Improving maternal health and health equity is a key priority of the U.S. Surgeon General, and the U.S. Department of Health and Human Services. Racism and racial discrimination are linked to poor health, and specifically, negative birth outcomes for women of color and their infants. Mistreatment during pregnancy and childbirth has been associated with both short- and long-term adverse mental health outcomes that include pain and suffering, postpartum depression and post-traumatic stress disorder, fear of birth, negative body image, and feelings of dehumanization (Ibrahim et al., 2022).

Reproductive Justice

At U.N. conferences in 1994 in Cairo and in 1995 in Beijing, participants considered the status of women, population, and development. They adopted the principles of reproductive justice, i.e., that it is a fundamental right to be able to control the number and timing of childbearing. This requires access to family planning information, contraceptive services, and abortion. However, developing country surveys show that as many as a quarter of women who want to either delay or stop childbearing altogether lack access to contraception or have concerns about the safety and side effects of available methods (Speidel and Sullivan, 2023).

Reproductive justice calls for the right to have children or not have children, to choose their number and timing, and the right to live in supportive environments that provide reproductive rights, equal opportunities for women, education, fair wages, housing, and healthcare. Advocates warn against repeating the past coercive history of some family planning/population programs––notably mandatory birth limitation and forced abortions in China and involuntary sterilization in India and the U.S. (Speidel and Sullivan, 2023).

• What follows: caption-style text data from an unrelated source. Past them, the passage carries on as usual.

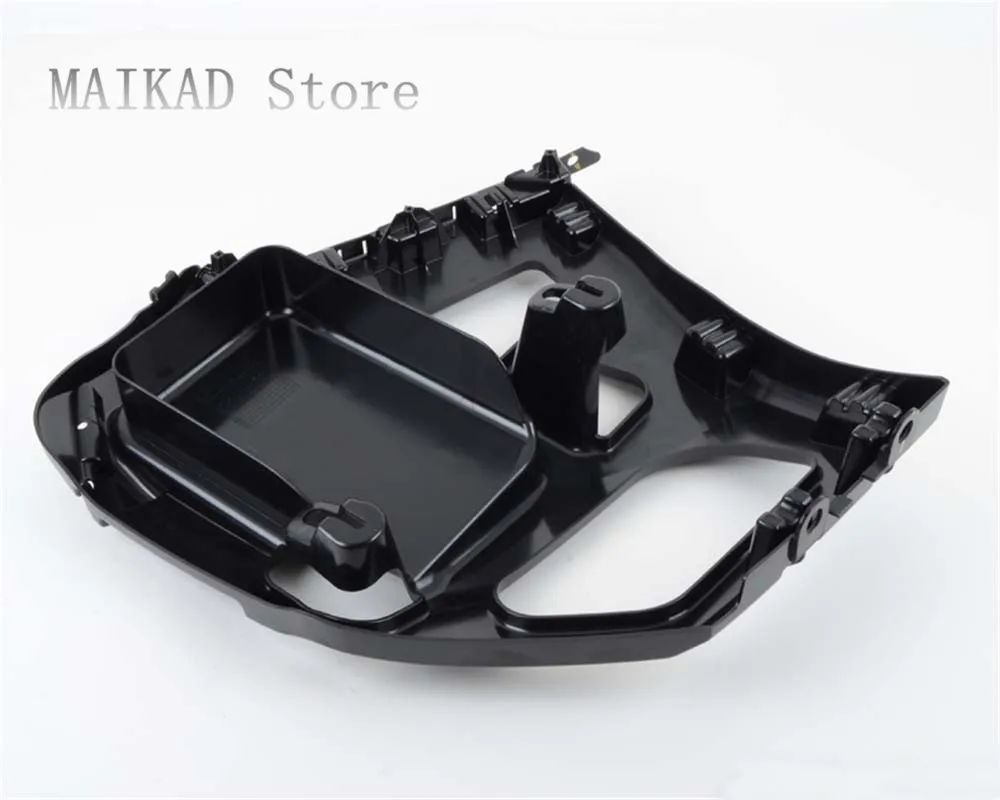 Крепление для заднего бампера BMW F22 F23 F87 218i 220i 228i 230i 235i 240i M2 218d 220d 225d 51127285533 |
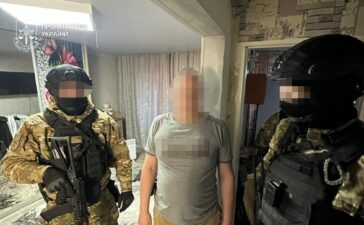 Фото до матеріалу: У Дніпрі поліція замість захисту під час тривоги намагалася затримати громадянина, який не міг увійти в укриття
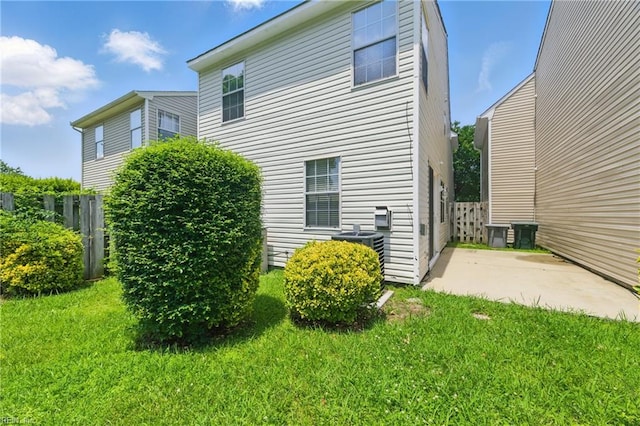 4 Angelia Way, Hampton, VA 23663 - back of property featuring a patio area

The concept of reproductive justice represents a significant shift from traditional notions of reproductive rights, specifically in its inclusion of the impact of contextual and structural factors on reproduction. As described by Ross and colleagues, “The ability of any woman to determine her own reproductive destiny is directly linked to the conditions in her community and these conditions are not just a matter of individual choice and access. For example, a woman cannot make an individual decision about her body if she is part of a community whose human rights as a group are violated, such as through environmental dangers or insufficient quality health care” (Fleming et al, 2019).

The recent Supreme Court ruling overturning Roe v. Wade has already affected pregnancy-related healthcare for many women. It has also impacted OB/GYN training in the states that have restricted or are poised to restrict abortion services. This means hospitals will no longer offer vital training used to manage miscarriages and other pregnancy-related complications.